Getting a work visa was made easier with the support of Warner Bros. studios, but I asked how the US experience differed from Australian television production.
So far, so good, says Jenkinson.
“I have to say that my experiences have been lovely. Those times when you walk into a room to do those big auditions, and I’ve done about 4 of those where you’re down to the last 2 people, when it gets to that stage everyone is pretty lovely to you because they’re interested in you,” she said.
“Because the show has been a success we’re seeing the best side of everyone because they’re really happy. But I’m sure there’s a second side, as there is with everything. It’s business at the end of the day, so I’m sure there’s a ruthless side I haven’t seen yet.

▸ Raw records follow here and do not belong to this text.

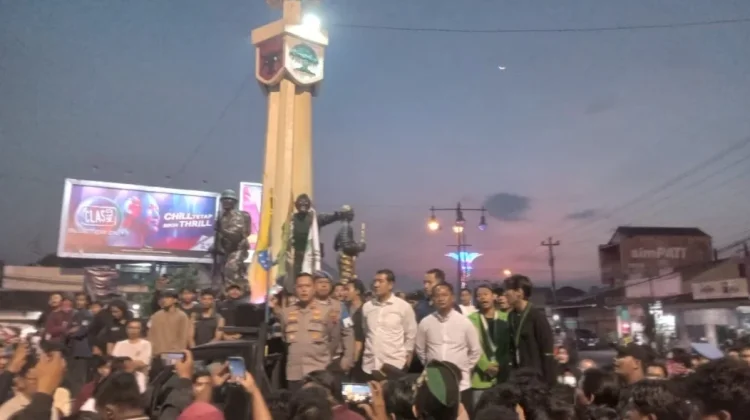 Aksi Demo di Kartasura, Ratusan Mahasiswa Tuntut Evaluasi MBG dan KDMP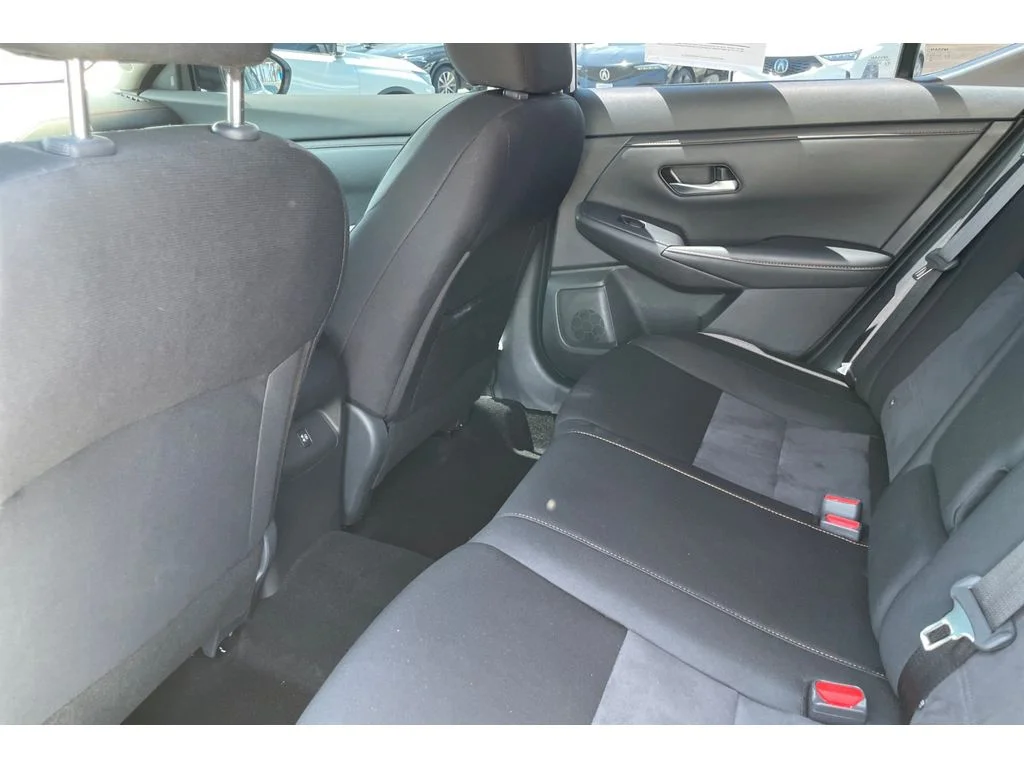 Used 2022 Aspen White TriCoat Pearl Nissan SR image 13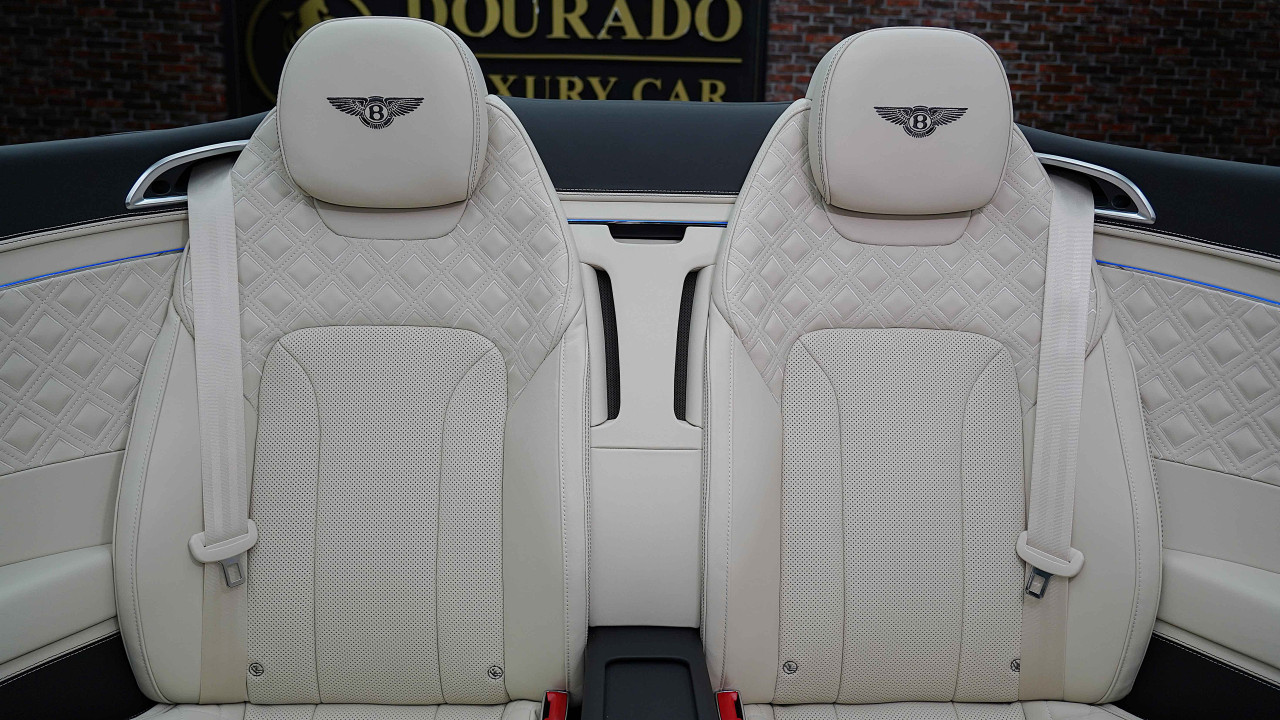 Bentley Continental GT - Image 12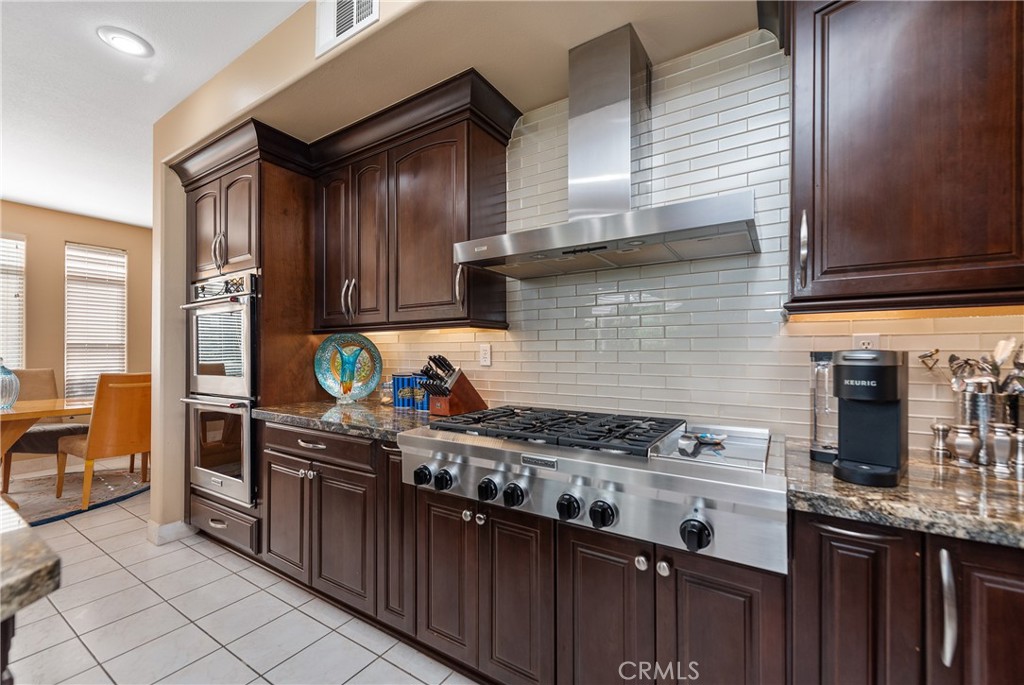 11312 Broadview Drive Moorpark, CA 93021 - Photo 12 of 50 6 burner with Griddle & Range hood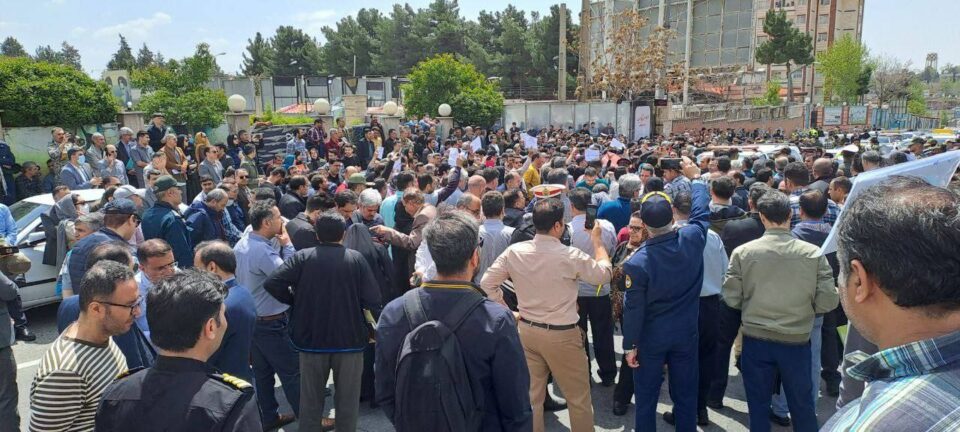 خۆپێشاندانی خوازیارانی مه‌سكه‌نی ده‌وڵه‌تی چیتگه‌ر له‌ تاران 3 1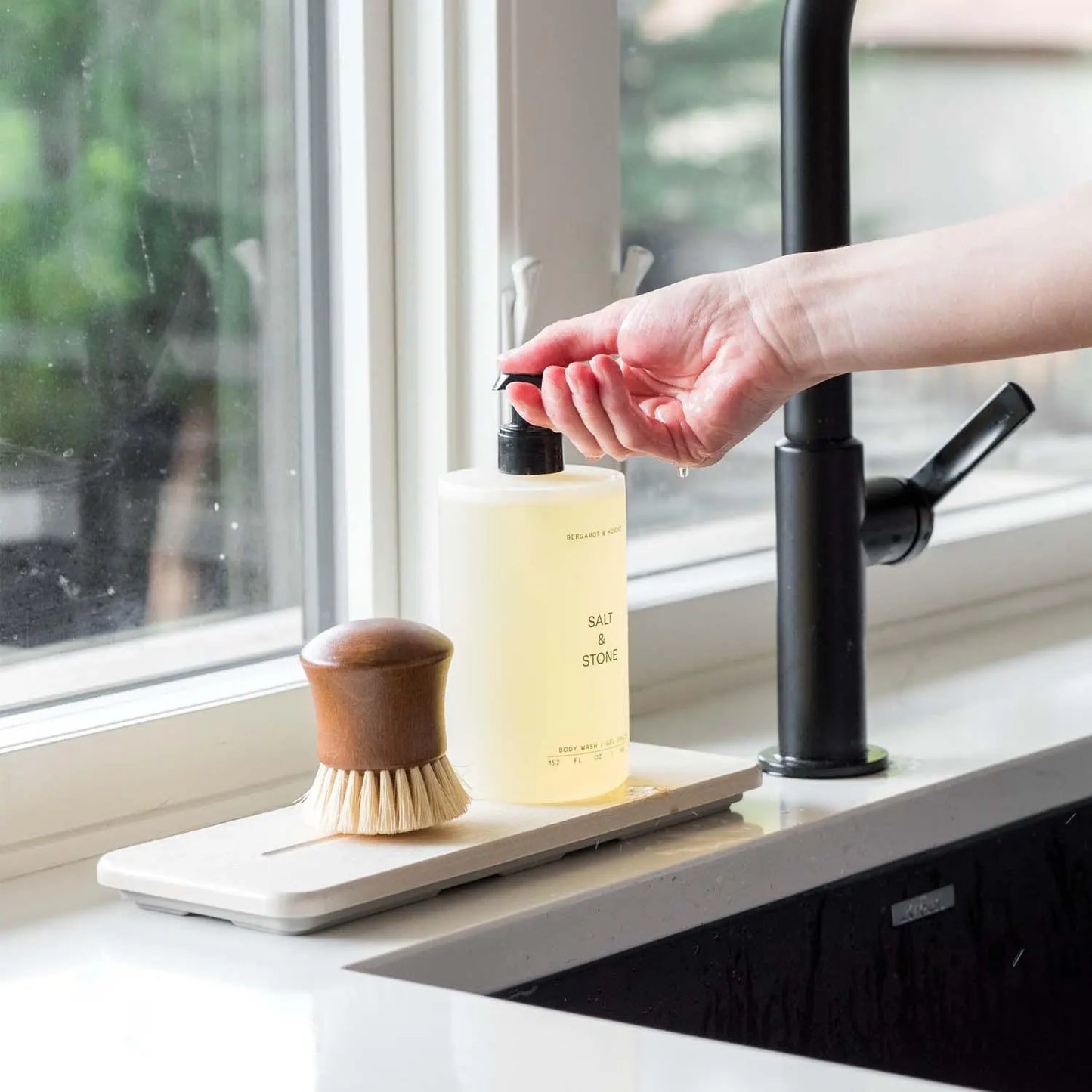 Dorai Home Stone Sink Caddy - Chic Quick-Drying Diomat® Bathroom Organizer for Soaps Bottles & Brushes - Modern Sink Caddy with Instant Drying Technology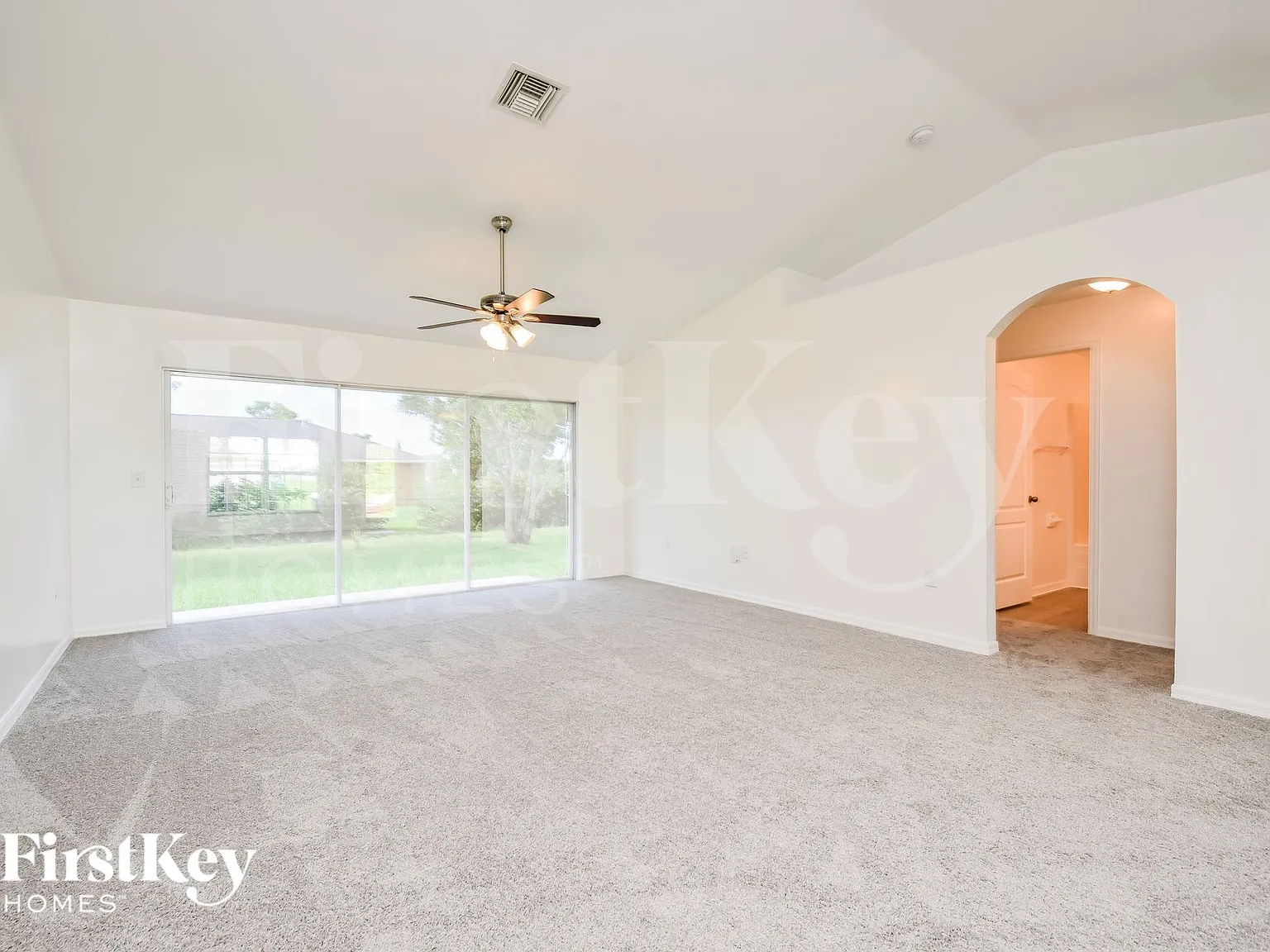 3 bed, 2.0 bath, 1418 sqft, $1,660 — Photo 2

Touch wood everything’s going really well so far.”
She’s yet to meet Exec Producer Conan O’Brien. Also appearing in the cast is Jacki Weaver in a recurring role.
“Jacki Weaver plays Rebel’s mum and she’s hilarious. We did a play together in Melbourne in 2009 so it was so lovely to see her in LA doing so incredibly well. She’s such a talented lady and it couldn’t have happened to a nicer person.”
While the first episode pulled over 8m viewers, reviews have been mixed, with some criticising the light material and the use of jokes about weight. Reviews noted Wilson as the show’s “glimmer of hope.”
“I haven’t read any of the reviews , I tend to steer clear of that,” Jenkinson admitted. “But our numbers for the first night were above what was expected of us. They’d hoped for a certain figure and we were able to surpass that, so that’s brilliant. Tonight is the second episode airing, so hopefully we can keep up the popularity.”
Jenkinson defended the show’s comedy, responding to criticisms the show relies on too many ‘fat jokes.’
“I have to say I’m a little disappointed if there are discussions like that. I don’t think the show is about that at all. Rebel is a comedian and as a comedian she’s going to make jokes about every part of her life. Part of the character she plays is a bigger girl and she loves ordering pizza with her mates, or eat going out –but that’s just part of her character.
“It’s not a show about overweight people. It’s a show about real women with real bodies. I actually don’t think Rebel has written the show to be about weight.
“None of the characters she plays are hung up about their weight at all. The character in Pitch Perfect, the character in this… they’re happy. She’s happy with her life, happy with the way that she looks. It’s just a part of her make up.”
Wilson has previously made the most of her appearance, despite sometimes polarising audiences. Staring down the Tall Poppy Syndrome, she has made a name for herself in the toughest town of all by using self-deprecating humour.
Jenkinson notes the success of other young writer performers, such as Lena Dunham (Girls), who are challenging aesthetic stereotypes.
“It’s not all about being beautiful and perfect, and I think we’re seeing a lot more of that on TV. I know that Rebel just wanted to make a show about 3 friends who were dags and try to become cool people. And I guess it just so happens that there’s a message embedded in there which is that you just have to be yourself. It doesn’t matter what you look like, what you weigh, what you choose to eat for dinner,” she insisted.
“I don’t think she was trying to make a statement, but we’re living in a time where you don’t have to be glamorous and stick thin to be a lead character on TV.
“What I really love about Rebel is she creates shows she likes. She’s committed to producing scripts and a show that she personally finds funny. And that’s the best that you can do. If you’re constantly thinking ‘What are other people going to like?’ you’re just setting yourself up for failure.
“You’ve got to go after what you believe is worthy and she’s great at doing that.”
Super Fun Night premieres 8pm Tuesday on Nine.